Execute the benchmark against your Canopy backend and stream logs. This might take ~2 minutes #PleaseHold

In [None]:
import shutil, subprocess, sys, os

print(f"🚀 Starting canopy {endpoint} endpoint benchmark with native support...\n")
print(f"Target: {target}")
print(f"Endpoint: {endpoint}")
print(f"Model: {model} (enables native Canopy support)")
print(f"Duration: {max_seconds}s\n")

if shutil.which("guidellm") is None:
    print("⚠️  guidellm command not found in PATH, trying python module...")
    cmd_prefix = ["python", "-m", "guidellm"]
else:
    cmd_prefix = ["guidellm"]

# Run guidellm directly - no wrapper needed with native support
process = subprocess.Popen([
    *cmd_prefix, "benchmark"
] + cmd_list[2:], stdout=subprocess.PIPE, stderr=subprocess.STDOUT, text=True)

for line in process.stdout:
    sys.stdout.write(line)
ret = process.wait()

print(f"\n✅ Benchmark completed.

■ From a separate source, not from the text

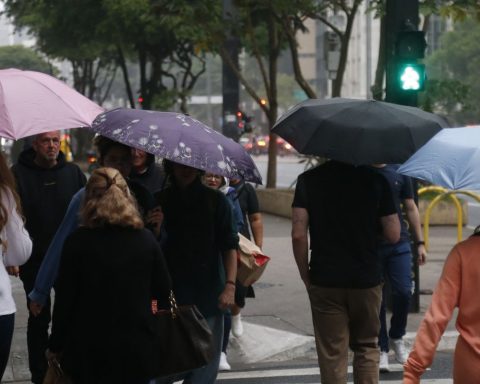 Even with light rain, São Paulo records power outages in neighborhoods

Exit code: {ret}")
if ret != 0:
    print("❌ Non-zero exit code. Review the logs above.")
    print("   Common issues:")
    print("   - Canopy service not accessible")
    print("   - Endpoint feature not enabled") 
    print("   - Network connectivity issues")
    print("   - Model name doesn't start with 'canopy_'")
else:
    print(f"📊 Results saved to: {output_path}")

## Inspect Results 📝

The results are quite long, but here is a small summary of them.

In [None]:
from pathlib import Path

p = Path(output_path)
if p.exists():
    print(f"📋 Results: {p.resolve()}")
    print(f"📊 Benchmarked: Canopy {endpoint} endpoint (native support)")
    print(f"🎯 Target: {target}")
    print(f"⏱️  Duration: {max_seconds}s\n")
    
    try:
        print("--- First 200 lines ---\n")
        with p.open("r", encoding="utf-8", errors="replace") as f:
            for i, line in enumerate(f):
                if i >= 200:
                    print("... (truncated)")
                    break
                print(line.rstrip("\n"))
    except Exception as e:
        print(f"Preview error: {e}")
else:
    print(f"❌ Results not found: {p}")
    print("   Check the benchmark command and logs above.")

And now, let's learn how to interpret the results.

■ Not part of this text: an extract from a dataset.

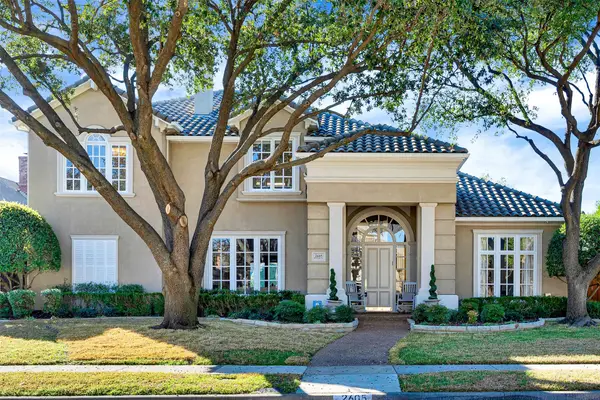 2605 Rutgers Court, Plano, TX 75093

## Understanding GuideLLM Benchmark Metrics 📊

As you can see, GuideLLM produces a **LOT** of outputs, to the point it's difficult to skim through.  
Here are a few key performance indicators that are good to look at and what range they should fall into.  
If you run the cell below, you can see what results we got, and if you really want to look through all of the metrics yourself you can find them in `canopy-benchmark-summarize-endpoint.yaml`.

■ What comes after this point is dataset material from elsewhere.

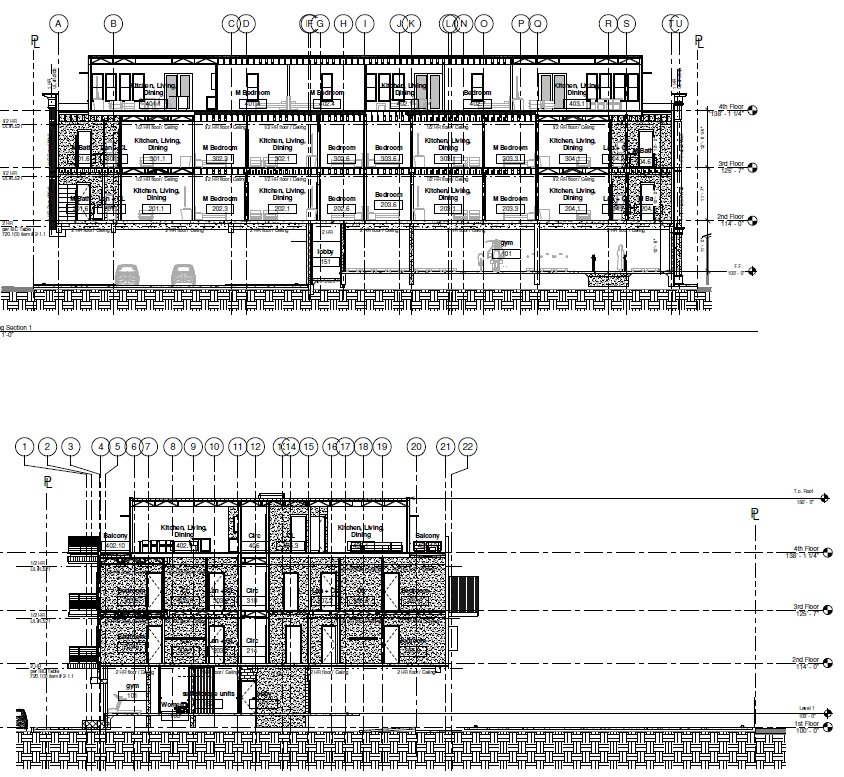 8616 Oak Plans 6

**🚀 Time to First Token (TTFT)**
- **What it measures**: How long users wait before seeing any response
- **Good range**: < 500ms (excellent < 200ms)
- **Impact**: User perception of responsiveness

**⚡ Output Tokens per Second** 
- **What it measures**: Speed of text generation during streaming
- **Good range**: 20-100 tokens/sec (depends on model size)
- **Impact**: How fast users see text appear

**📈 Requests per Second**
- **What it measures**: How many complete requests the system handles per second
- **Good range**: Varies by use case (0.1-10+ req/sec)
- **Impact**: System throughput and user capacity

**🎯 Request Latency**
- **What it measures**: Total time from request start to completion
- **Good range**: < 30 seconds for long responses
- **Impact**: Overall user experience

**⚙️ Inter-Token Latency**
- **What it measures**: Consistency of token generation (milliseconds between tokens)
- **Good range**: 10-50ms (lower = more consistent)
- **Impact**: Smoothness of streaming text

**📊 Success Rate**
- **What it measures**: Percentage of requests that complete successfully
- **Good range**: > 95% (production requirement)
- **Impact**: System reliability

In [None]:
from metrics_analyzer import analyze_benchmark_results
analyze_benchmark_results(output_path=output_path)

## HTML Report 🕸️

We can also save the results in multiple different formats, here is an example of it as HTML:

In [None]:
from guidellm.benchmark import GenerativeBenchmarksReport

report = GenerativeBenchmarksReport.load_file(
    path=output_path,
)
benchmarks = report.benchmarks

for benchmark in benchmarks:
    print(benchmark.id_)
report.save_html(path="canopy-benchmark-summarize-endpoint.html")

Then simply download the HTML file by right click > Download and open it locally.